Except that was yesterday :(


How long before didrailshaveamajorsecurityflawyesterday.com is up?


I'm working on it.

;)


It's amazing to me to watch Rails be punished for being proactive about security. I don't even use Rails anymore (most of my type of API work is more suited for Sinatra), but I'm tired of seeing it used as a whipping boy unfairly.

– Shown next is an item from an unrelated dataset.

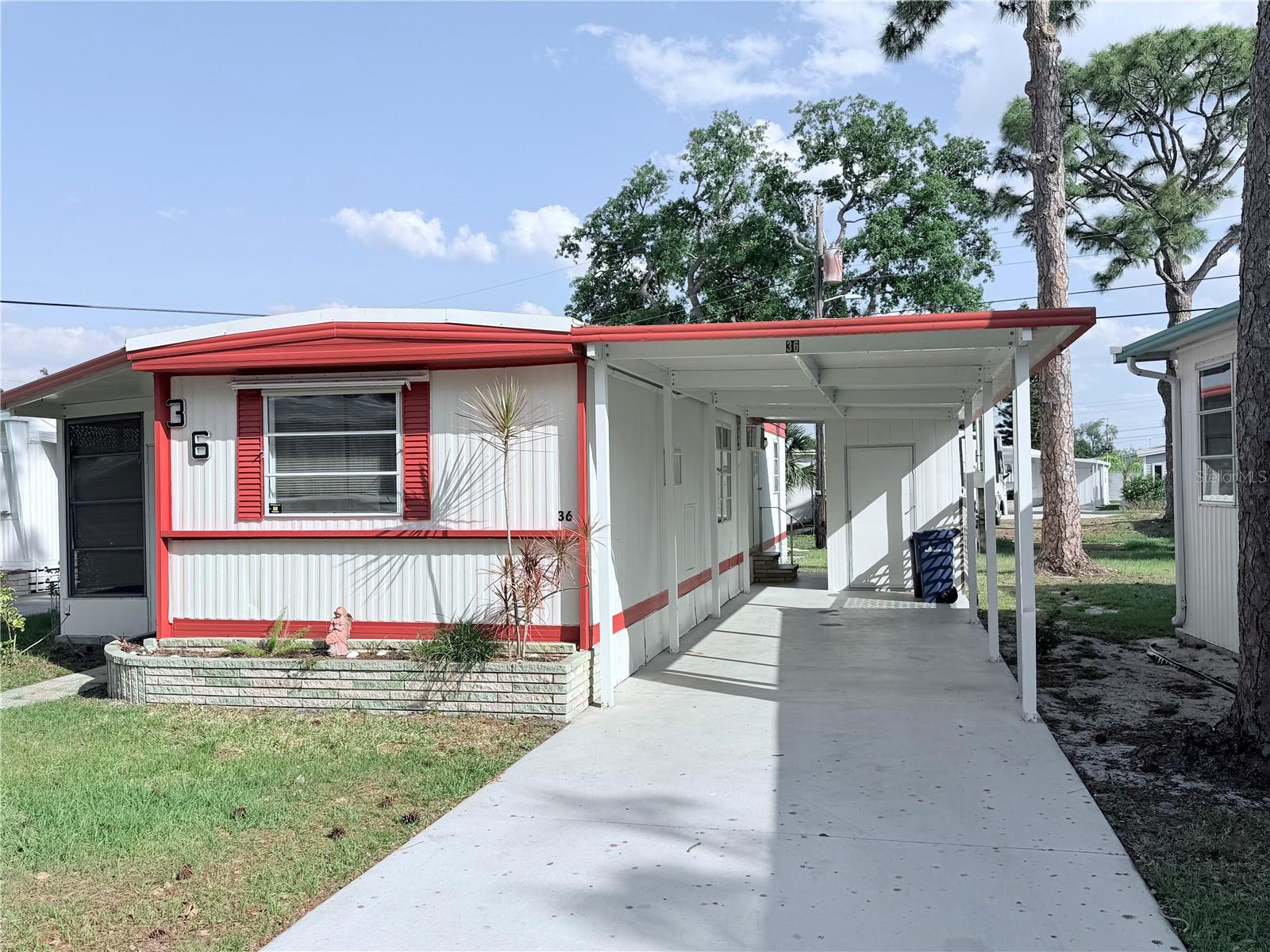 1800 Englewood, FL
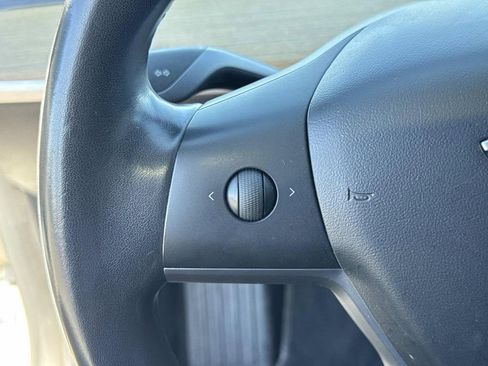 Used 2019 Tesla Model 3 Long Range image 9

Are you using a different web framework? Congratulations! You probably have tons of security problems as well. Does it do things like CSRF protection out of the box? Guess what, you have a security problem right there! It won't make it to the front of HN because nobody will turn it into a short-sighted web site (doesyourhalfbakedframeworkdocsrfprotectioncorrectly.com), but it's there. Alongside a -lot- of security problems that simply haven't been uncovered yet, simply because nobody is looking for them (or because they're not being reported). There's a reason that Anonymous can just hack into any web site they want, regardless of what framework it is (actually, their main method of attack isn't Rails holes, it's probably SQL injection attacks, which is another common security problem that has been elegantly solved by the natural usage of Rails). If you use an ORM that scrubs input for SQL injections, you are probably using code that was designed based on the Rails model.

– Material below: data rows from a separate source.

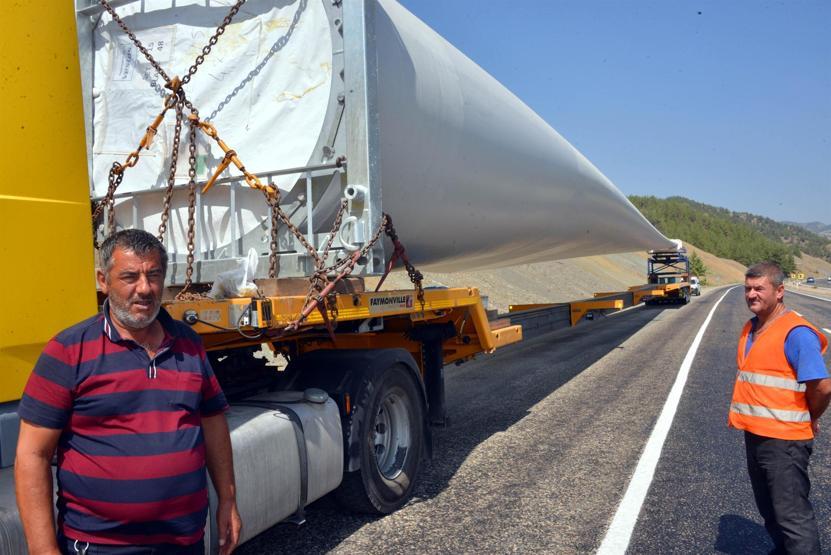 Polis bazen yol da kapattı... 12 saatlik yolu, 4 günde gittiler
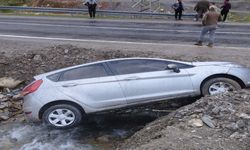 Otomobil kanala düştü: 2 yaralı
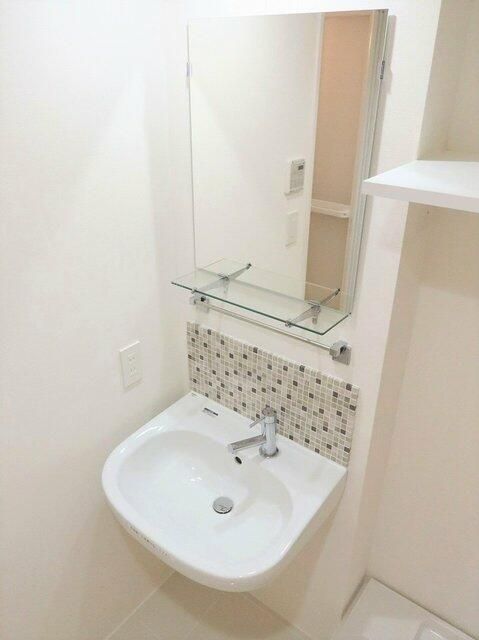 洗面設備　■独立洗面台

Let me give an example. OpenBSD has been considered over the years as the most secure UNIX operating system. Look at how many disclosures they have had to make in the lifetime of the OS: http://openbsd.org/security.html#51

Why so may "major security flaws"? It's because they had developers that performed security audits of their code, which discovered issues. Critics were saying that OpenBSD is not secure because of the disclosures, while sitting on Linux systems that were not receiving audits, and as a consequence were constantly getting hacked because the problems weren't getting fixed.

The most secure systems are the ones that are the most vocal about their security problems. Updating rails is an extremely easy, simple process (update Gemfile, bundle install, restart rails). Stop punishing open source projects for being responsible.

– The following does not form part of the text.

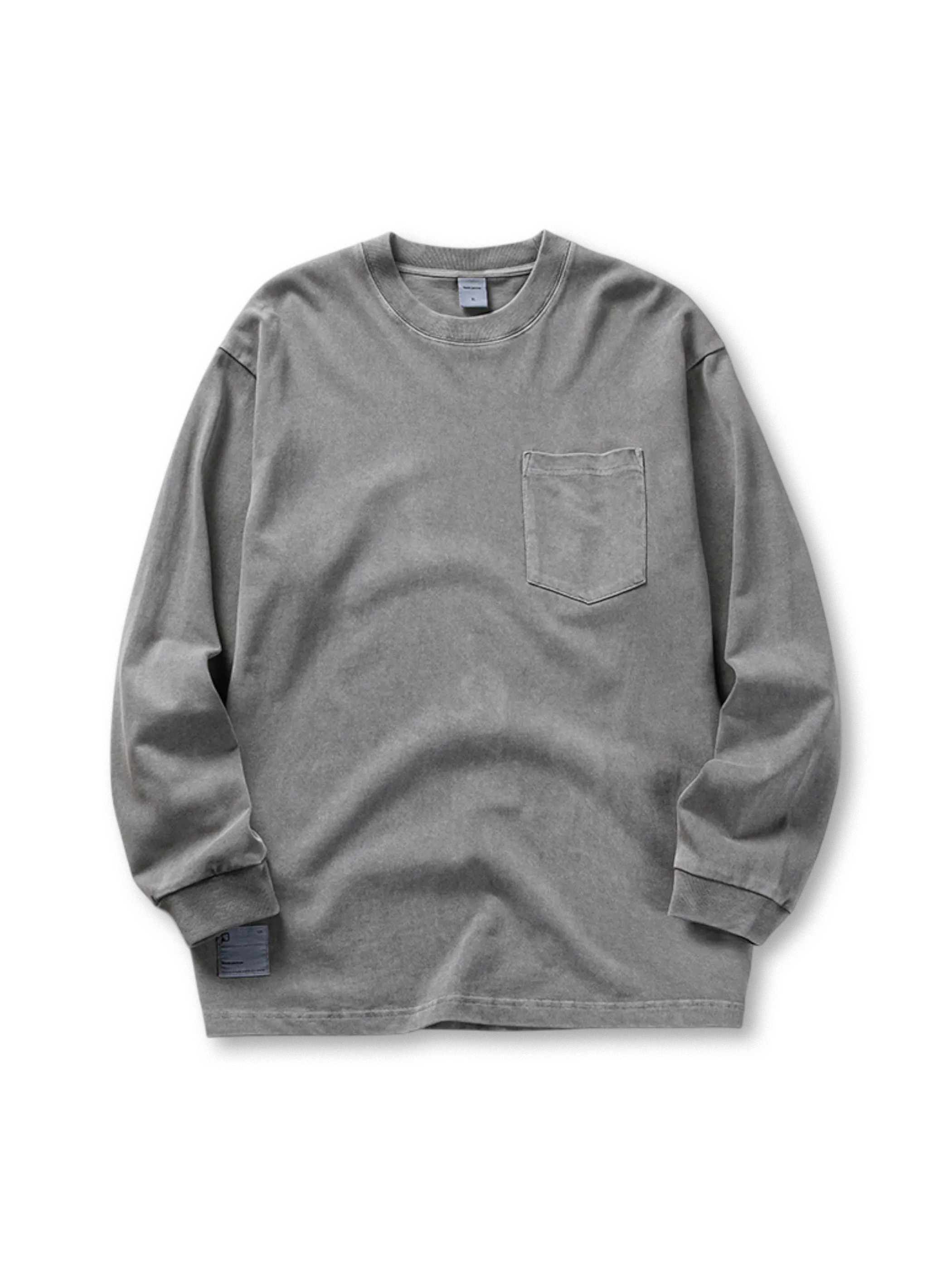 胸ポケット付き長袖Tシャツ、リブ仕様の袖口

If "being proactive about security" was the only thing necessary then we'd all be using Internet Explorer still (a product which was pilloried over and over due to its sheer number of critical security vulnerabilities).

It's appropriate you bring up OpenBSD. Not only are they open with their security vulnerabilities as they're discovered, but they make security a core engineering goal (which is the part that people have been saying is missing from Rails).

No one is saying Rails shouldn't disclose security issues as they become informed about them. They're saying that there shouldn't be so many in the first place.

However one might argue that those who care about security might at least suspect that a rapid development system so dependent on convention would have issues like these and so it's not really fair to pin all this entirely on the Rails devs. Just as you wouldn't use a C library filled with gets() for security-sensitive code, no one forced anyone to install Rails.

Edit: And more to the point for Rails, it certainly seems to have delivered on the promise of rapid application development, ease of modification, etc. It's miles and miles better than using old CGI.pm with Perl (though there are other options now). Given that many simply would not have a neat-o Web 2.0 site (with many other built-in security protections) if they had used something else, it's hard to be too cross at the Rails devs... they may have burnt the pepperoni but at least they made you a pizza.


That's...kind of childish, and mean.


  Server:WEBrick/1.3.1 (Ruby/1.9.2/2011-07-09)
(via chrome's network tab)

They're also including a link to the security announcement, so at least it's not mindless.


How can you be mean to a web framework? It's not like java hasnt had the same crap against it for years. Should we stop being mean to it too? :(


Literally everyone bashes PHP, and it has had very few security problems in its history. Yes, I know it is not a framework, but still.